Don’t get me wrong. I’m not in favor of shooting anyone. Ever. When it comes to shooting people, I have a simple rule: IF my life or the life of my loved ones is NOT threatened, I opt OUT of a ballistic solution. I’ve been mugged at knife-point—in a state where the average citizen is as likely to get a concealed carry handgun license as infectious endocarditis. Oh wait; I got that too. Anyway, I made my decision, tossed my wallet and ran. Which worked out well for both of us, in some senses. We don’t know exactly what happened here. The vast majority of violent home invasions, indeed gun fatalities, involve “people who know each other.” In other words, it’s criminal on criminal violence. But say that wasn’t the case. If you were in your apartment and three gun-wielding home invaders entered your castle, would you have shot them? I’m not looking for the obvious answer.

The obvious answer is yes, of course. The real question is, could you have shot them? There are plenty of yes/no variables worthy of consideration.
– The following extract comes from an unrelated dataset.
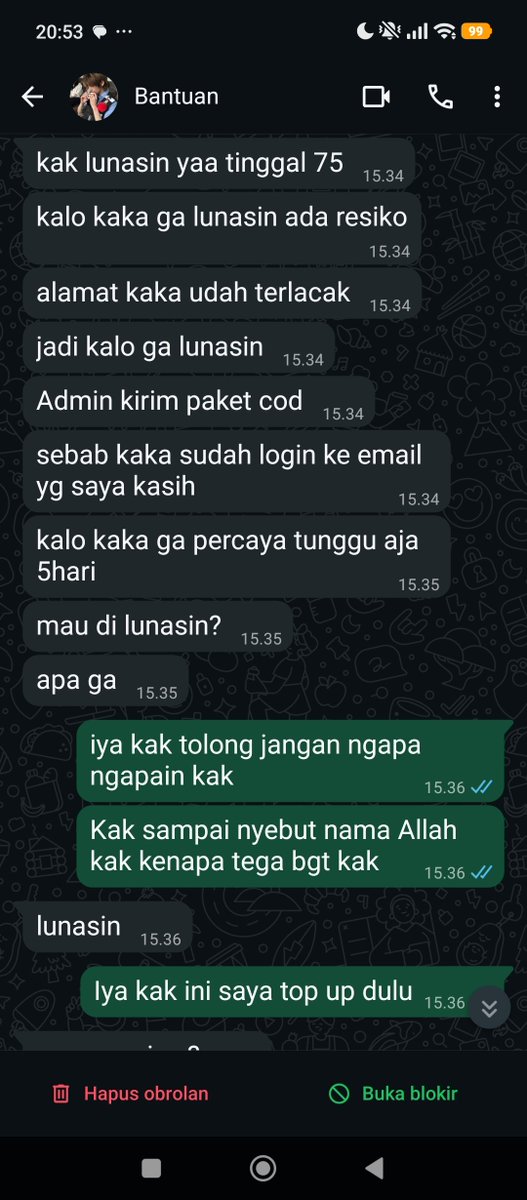 Awlangt's tweet photo. Ges tolong laporin nomor ini, aku kena terror terus dan diancam buat bayar 75 ribu, dia udh ngambil uang ku 104 ribu total penipuan berkedok jasa pemulihan akun https://t.co/iAP1QiLj0s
Number one on my list: did the invaders get the jump on you?

Most gunfights are nasty, brutish and short. One study concluded that the average armed encounter of the law enforcement kind lasts seven seconds. That’s not enough time to choose a breakfast cereal, never mind figure out who to shoot where when and how. If you don’t detect the threat in time, you lose the first mover advantage. That’s bad.

If a criminal with a gun sees you without a gun they may or may not shoot you. If they see you with a gun, they’re going to do the sensible thing (for them) and shoot you. Best case scenario: they miss. And then you shoot them. And then move, so they don’t shoot you. ‘Cause you might have missed.

Or hit them—and they’re still shooting at you anyway. Or taking fire from the (hopefully) dead man’s cohorts. BTW: this is not my idea of a good way to spend a Wednesday night.

The first mover advantage is the difference between life and death in a gunfight. Anyone planning on using a gun for home defense should train themselves to look at a potential target’s (for that is what they are) hands. If they have a gun, shoot them before they shoot you. Period.

All the experts agree: shoot the person who poses the greatest threat first. And not too many times—especially if there’s more than one attacker. (This is one reason I like shotguns for home defense: normally, one shot’ll do ya, and people don’t tend to “empty the clip”).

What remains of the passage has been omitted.